We wtorek, podczas sesji europejskiej, dolar umocnił się wobec niemal wszystkich walut G10 – skala umocnienia wynosiła od 0,15% wobec NZD do 0,90% wobec EUR. Amerykańska waluta pozostawała stabilna tylko wobec JPY.
EUR straciło na wartości w reakcji na wypowiedzi przedstawiciela zarządu Europejskiego Banku Centralnego (EBC) Benoit Coeure’a, który zasugerował, że bank ma więcej instrumentów, które mógłby użyć, aby dalej łagodzić politykę pieniężną. Zapowiedział on, że w maju i czerwcu, EBC „w pełni wprowadzi” program QE, aby ustabilizować sytuację na rynku podczas wakacyjnych miesięcy, gdy wielu inwestorów bierze urlopy a płynność spada. Rentowności niemieckich obligacji spadły o 5 punktów bazowych, co zwiększyło różnicę między ich rentownościami a rentownościami obligacji USA (Treasuries).
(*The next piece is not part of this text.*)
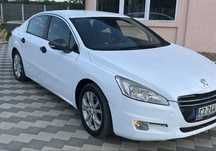 Peugeot 508 1.6 hdi automat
Następnie, rynek rozczarowała publikacja indeksu ZEW w Niemczech w maju – oba podindeksy okazały się niższe od prognoz. Podindeks dotyczący obecnej sytuacji spadł po sześciu miesiącach wzrostów, a podindeks dotyczący oczekiwań kontynuował zniżkę, co zapewne odzwierciedla obawy o Grecję. Kurs EUR/USD spadł poniżej poziomu wsparcia 1,1200. Jeśli dane z sektora mieszkaniowego USA, których publikacja jest zaplanowana na dalszą część dnia, okażą się solidne, a takie są prognozy, to kurs może testować poziom wsparcia 1,1130.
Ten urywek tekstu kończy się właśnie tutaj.